Technical Field
Embodiments of the subject matter disclosed herein generally relate to methods and systems for acquiring blended seismic data and, more particularly, to mechanisms and techniques for generating seismic energy in a blended manner during an acquisition seismic survey.
Discussion of the Background
Seismic data acquisition and processing may be used to generate a profile (image) of geophysical structures under the ground (subsurface). While this profile does not provide an accurate location for oil and gas reservoirs, it suggests, to those trained in the field, the presence or absence of such reservoirs. Thus, providing a high-resolution image of the subsurface is important, for example, to those who need to determine where oil and gas reservoirs are located.
In traditional marine seismic acquisition, a vessel tows plural streamers having multiple seismic receivers configured to record seismic data. The vessel also tows a seismic source that imparts energy into the water. The seismic energy travels toward the subsurface and is partially reflected back to the sea surface. Seismic recorders record the reflected seismic waves.
When the source (either land source or marine source) is fired in standard data acquisition, the subsequent recording time is defined so that all useful reflected/diffracted energy is recorded before the next source is fired. This delay time imposes constraints on the acquisition rate and, hence, increases the cost of acquisition.

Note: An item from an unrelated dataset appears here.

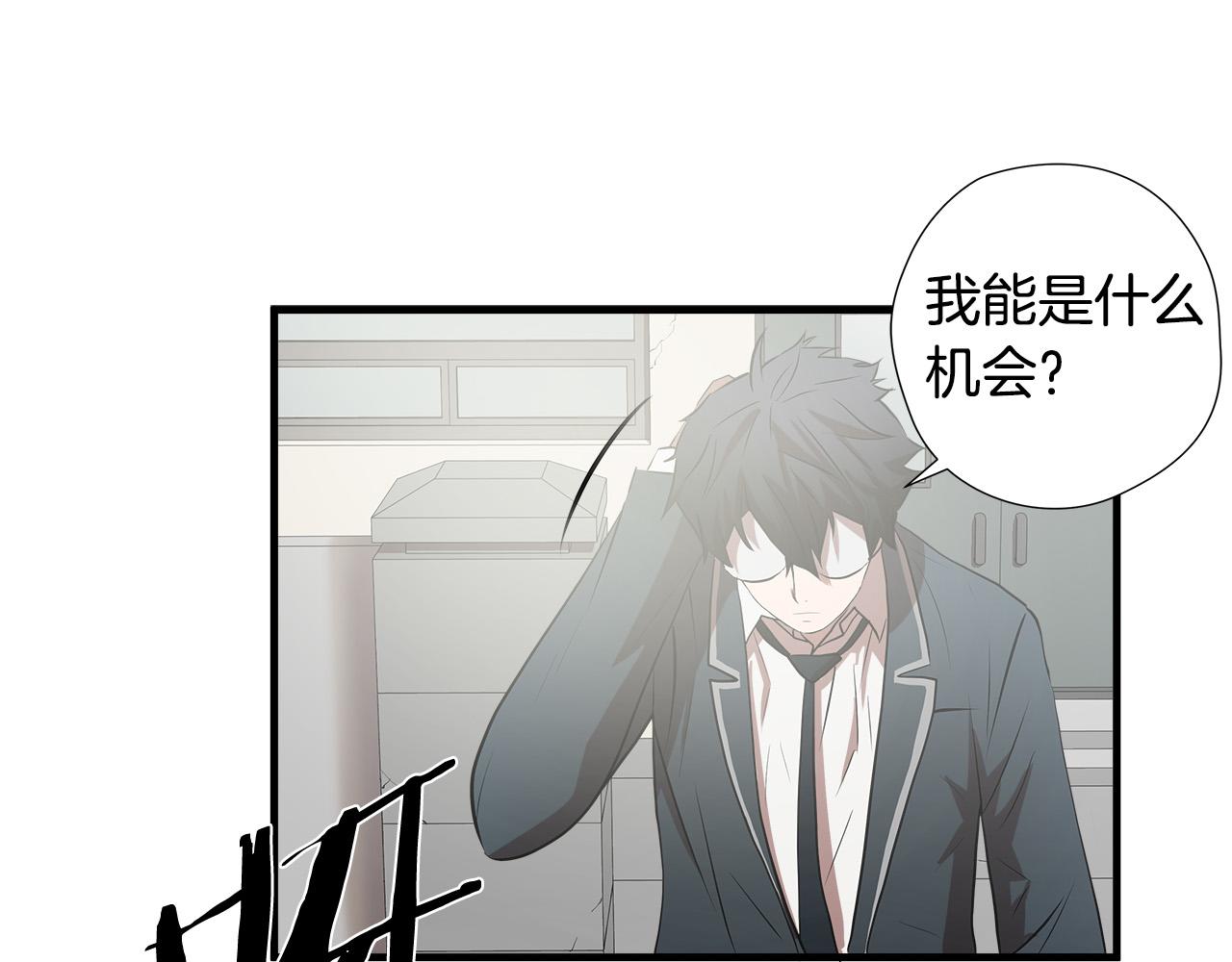 第58话 阴谋又现103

To reduce acquisition time, it is possible to simultaneously shoot sources. The term “simultaneously” should be loosely interpreted in this description, i.e., if first and second sources are considered, the second source may fire seconds after the first source was fired, and the shooting is still considered to be simultaneous as long as energy generated by the first source and energy generated by the second source and reflected by the subsurface are simultaneously recorded by the seismic receivers. In other words, the term “simultaneous” encompasses the case in which the second source fires during the listening time corresponding to the first source. From the seismic receivers' point of view, acquisition of simultaneous source data means that the signals from two or more sources interfere during at least part of a given listening time. By acquiring data in this way, with two or more vessels, time taken to shoot a dataset is reduced, along with acquisition costs. As an alternative to reducing acquisition time, a higher density dataset may be acquired in the same time. For such data to be useful, it is necessary to develop processing algorithms to handle source interference (cross-talk noise).
Source interference appears because subsurface reflections from an early source excitation may be comingled with those that have been sourced later, i.e., a “blended source” survey is acquired. Note that this is in contrast to conventional non-blending surveying techniques, wherein the returning subsurface reflections from one source are not allowed to overlap with the reflections of another source. Although the blended-source approach has the potential to reduce time in the field, thereby proportionally reducing survey cost, one problem is that it can be difficult to separate the individual shots thereafter, which is necessary in the processing stage. In other words, what is needed in interpreting seismic data is the depth of each reflector, and the depth of a reflector is determined by reference to its two-way seismic travel time as generated by a single source. Thus, in a multiple-source survey, the goal is to determine which of the observed subsurface reflections is associated with each source, i.e., to de-blend the data; otherwise, the two-wave travel time cannot be reliably determined.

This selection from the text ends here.